Customs Suit

After working with limited success to address concerns regarding the FY 2006 and FY 2007 distributions of antidumping duties under the CDSOA program, the SSA filed suit at the U.S. Court of International Trade in November 2008. The SSA’s case challenged numerous aspects of U.S. Customs and Border Protection’s (CBP) administration of the CDSOA program. The SSA’s lawsuit also sought to prevent improper distributions for FY 2008. By demanding that CBP comply with the law, the SSA’s litigation sought to increase the distributions to eligible members of the industry by excluding ineligible members, to recapture improper payments, to implement disincentives for abuse and fraud, and to reverse improper legal interpretations that have guided CBP’s disbursements of CDSOA funds.

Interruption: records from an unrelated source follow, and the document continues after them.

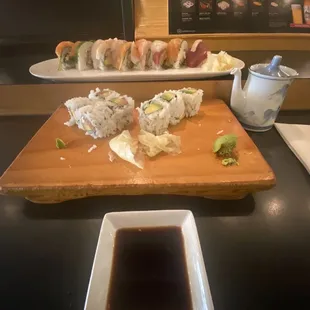 Salmon roll, avocado roll, and rainbow roll.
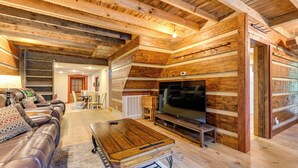 A log cabin interior with a wooden ceiling, a leather sofa, a TV, and a dining area.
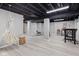Spacious finished basement with a decorative hammock chair and bar seating area at 1829 Kessler Blvd W Dr, Indianapolis, IN 46228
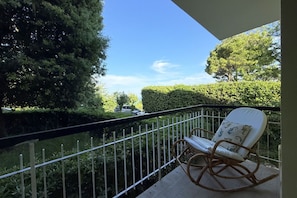 A balcony with a white rocking chair, a metal railing, and a view of a hedge and trees. - S306 - Sirolo, two-bedroom apartment with parking space (Sirolo)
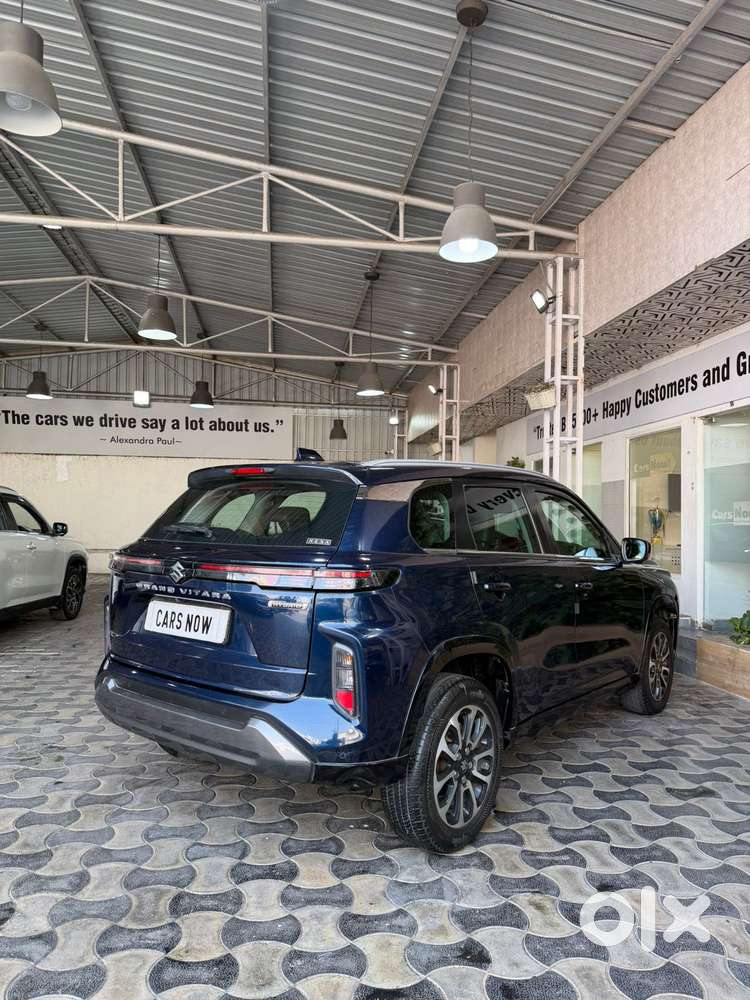 Maruti Suzuki Grand Vitara 1.5 Zeta Plus Dual Tone Intelligent Hybri..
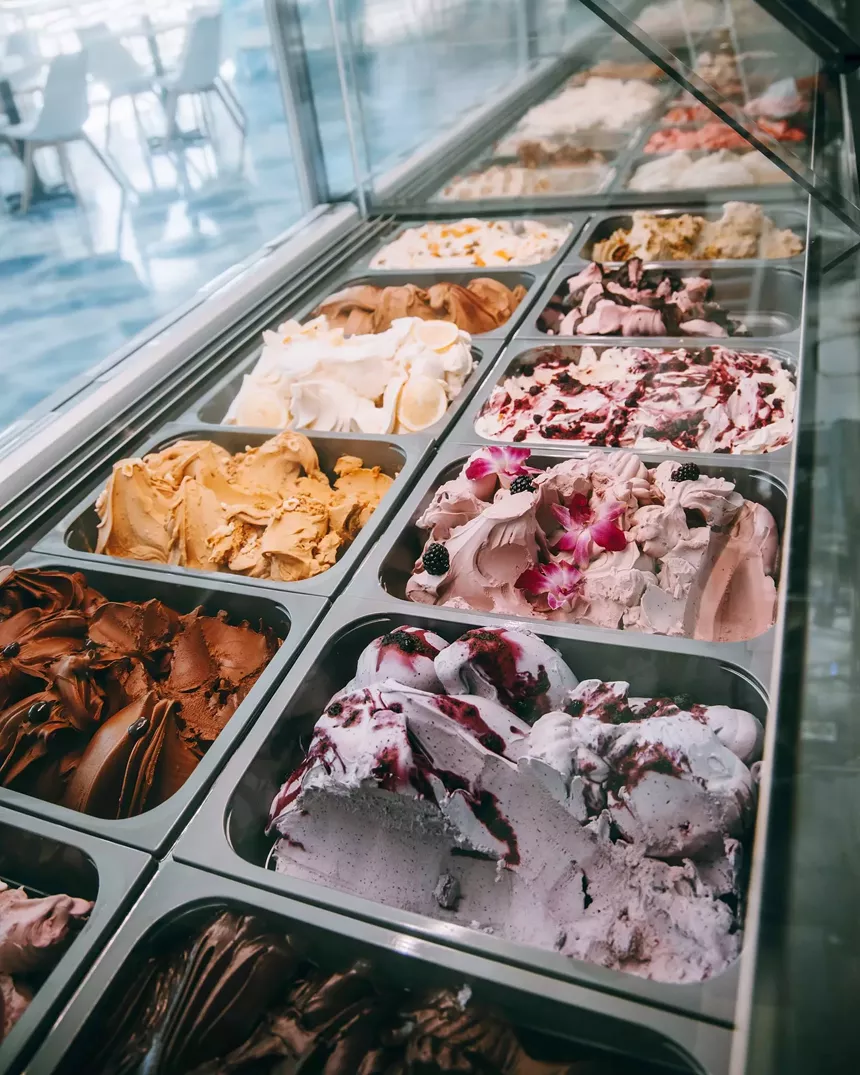 Tubs of different flavored gelato organized next to each other inside of a fridge.
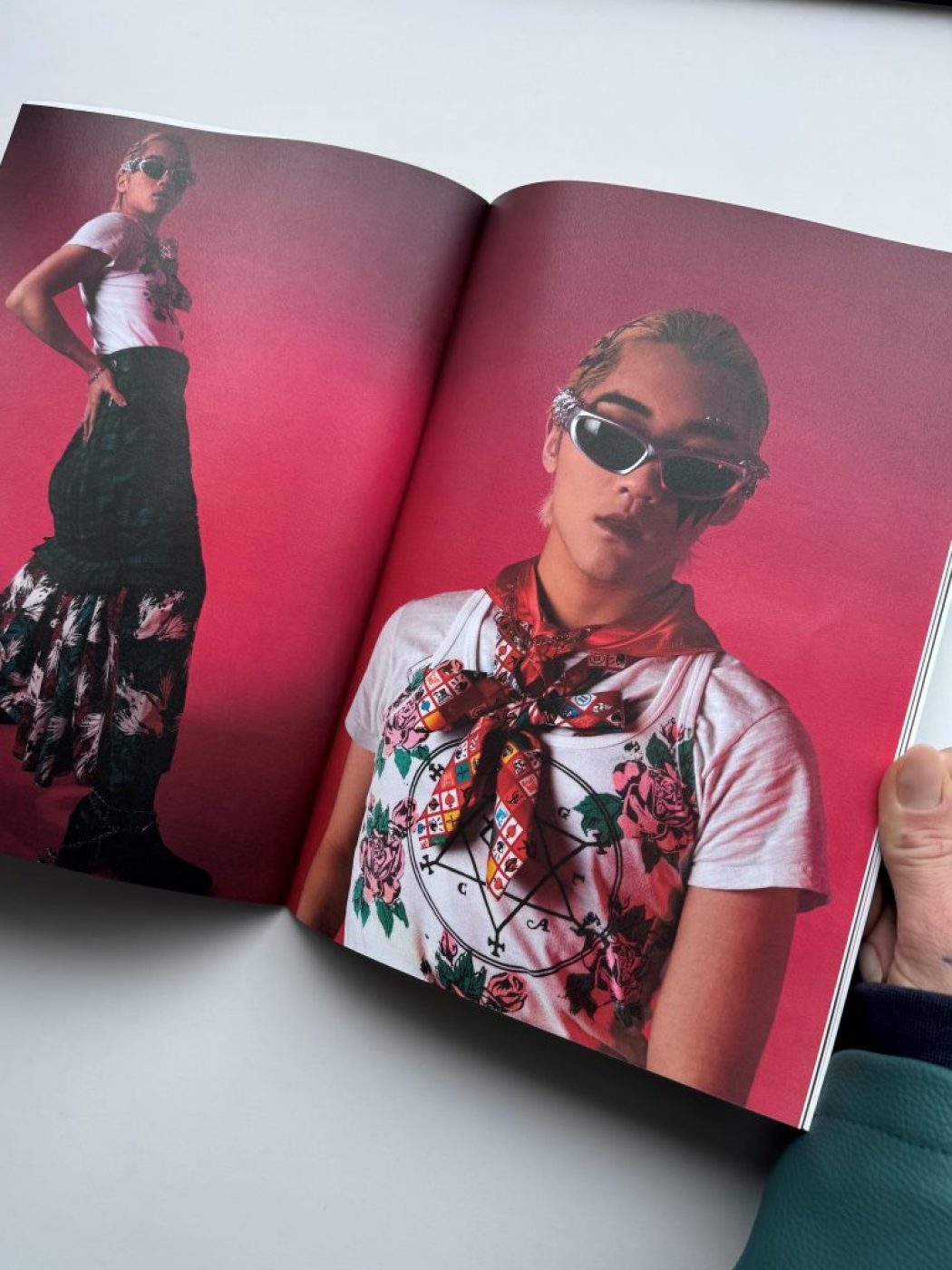 The image shows an open magazine featuring two fashion photographs against a pink background. One page displays a full-body shot of a person wearing a white top, patterned scarf, and a long floral skirt, while the other page shows a close-up of the same outfit.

On May 15, 2009, the Court issued an opinion dismissing ten of the eleven counts of the SSA’s lawsuit, allowing CBP to continue to distribute collected antidumping duties in a manner that does not provide meaningful assistance to the domestic industry. The Court ruled that:
• CBP has total and unreviewable discretion to refuse to investigate claims that are clearly absurd, improper, obviously erroneous and potentially fraudulent.

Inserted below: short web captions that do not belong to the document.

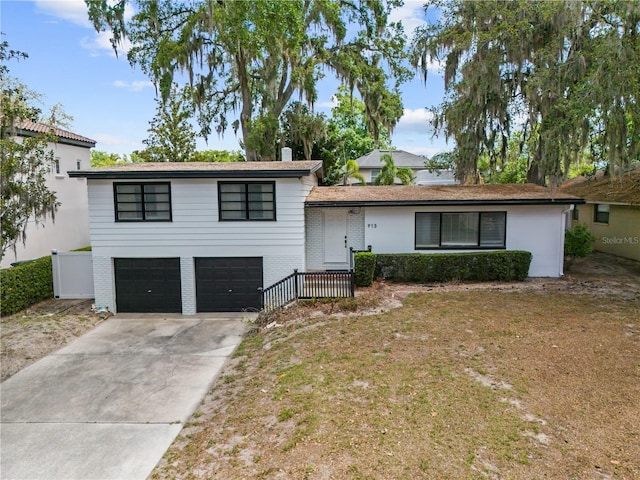 913 Moss Ln, Winter Park, FL 32789 - view of front of property featuring an attached garage, concrete driveway, brick siding, a front yard, and a chimney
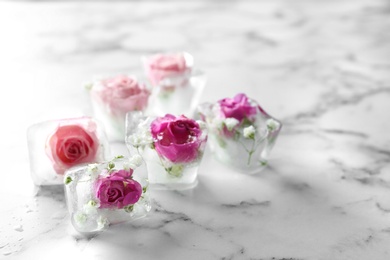 Photo of Ice cubes with roses on marble background, space for text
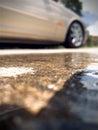 Car with reflection puddle in driveway Royalty Free Stock Photo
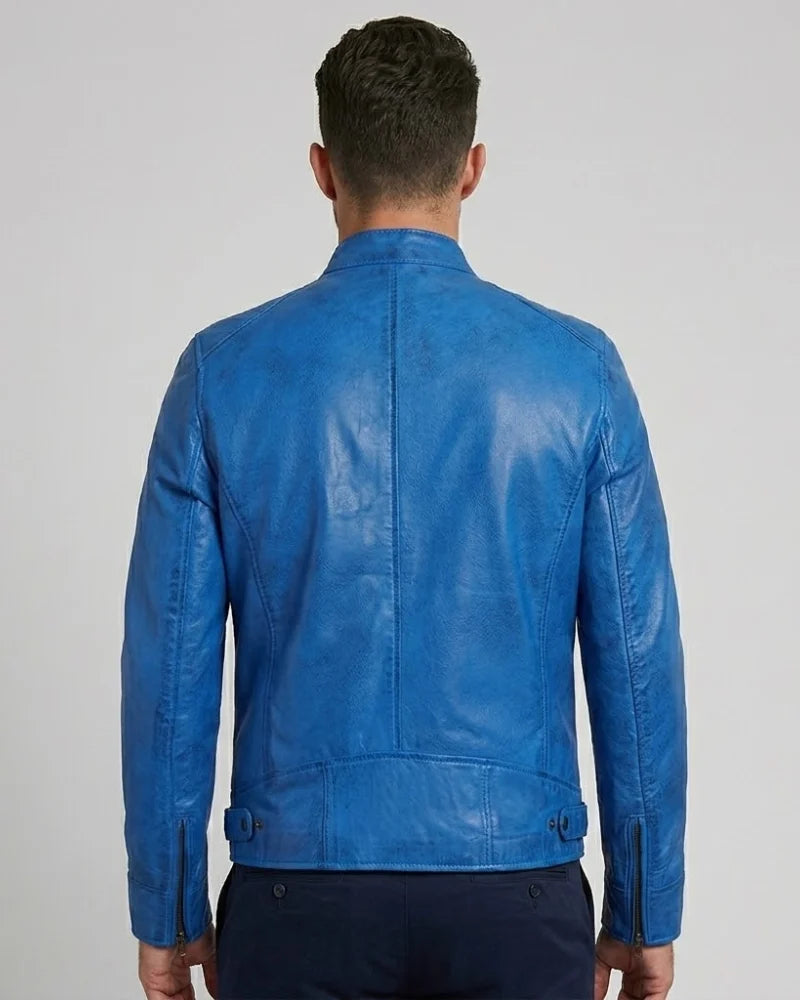 Blue leather jacket worn by a person on a plain background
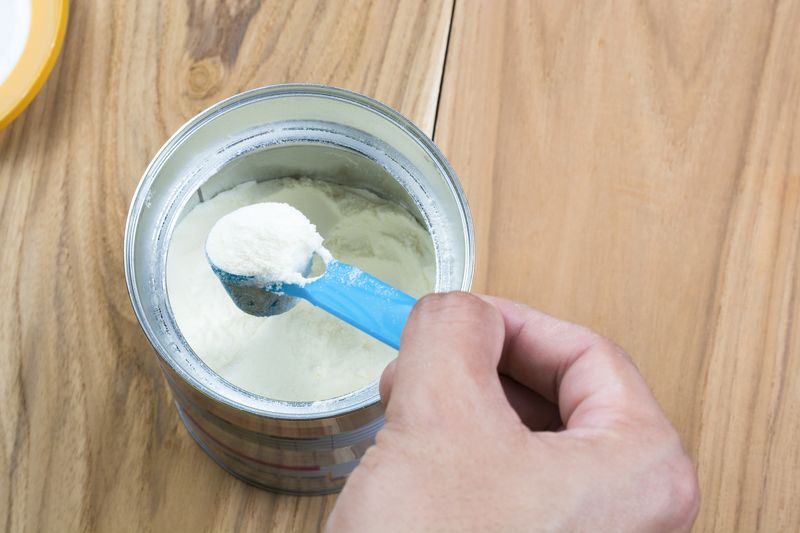 susu formula Powder milk and blue spoon on light background close-up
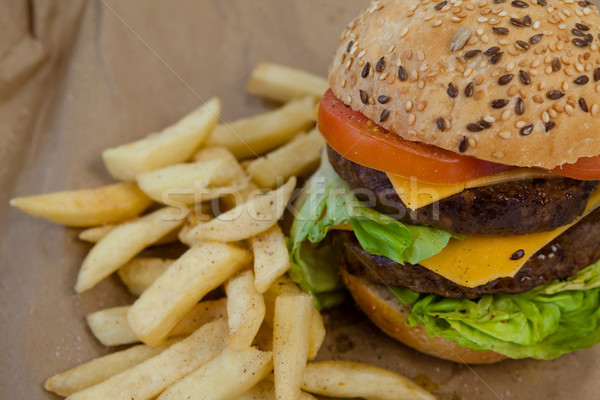 Stock fotó: Hamburger · sültkrumpli · papír · közelkép · étel · kenyér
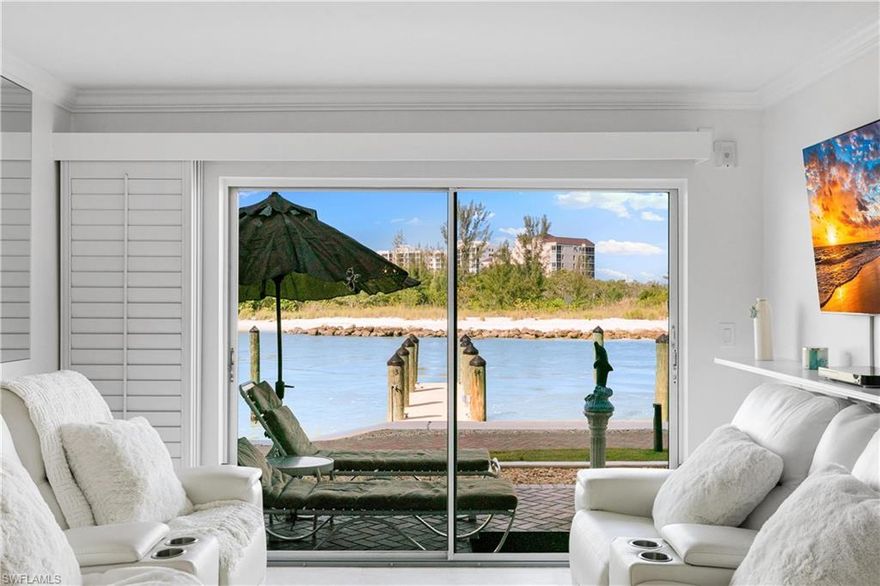 SUNSETS GALORE ON THE GULF!! Experience the pinnacle of coastal sophistication with this exquisitely reimagined residence at Ville de Marco West. Perfectly positioned to capture breathtaking sunsets over the Gulf, this elegant two-bedroom, two-bath condominium seamlessly blends European-inspired design with modern refinement. Every inch of this condo has been meticulously curated. A full renovation introduces brand-new, state-of-the-art appliances, including a private washer and dryer, ensuring the utmost in comfort and convenience. The bathrooms showcase a timeless European aesthetic, featuring Euro-style fixtures, refined finishes, and artfully tiled walls and floors. Plantation shutters grace the new impact windows and sliding door for a flawless presentation. For complete peace of mind, Flood Manager mitigation barrier panels safeguard the residence during inclement weather, while a deeded covered parking space adds both security and exclusivity. Step onto the west-facing end-unit patio to enjoy sweeping water views, enhanced privacy, and spectacular sunsets. A perfect backdrop for both intimate evenings and entertaining family and friends. Just moments from acclaimed restaurants, boutique shopping, galleries, cultural attractions, and the beach, this rare offering invites you to embrace an unparalleled lifestyle defined by elegance, tranquility, and natural beauty. An outstanding opportunity to live in a truly remarkable waterfront retreat.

• CBP can set aside or “hold back” Byrd funds for shrimp purchasers, including importers that did not support the petition for antidumping relief.
• The law is so broad that Byrd funds could be used to offset costs related to the payment of antidumping duties on imported shrimp!
• CBP is not required to ensure that expenditures used in claims for Byrd funds be related to the production or processing of shrimp. In other words, a shrimp purchaser may not need to demonstrate that the expenditures claimed are, in fact, directly related to the processing of any shrimp.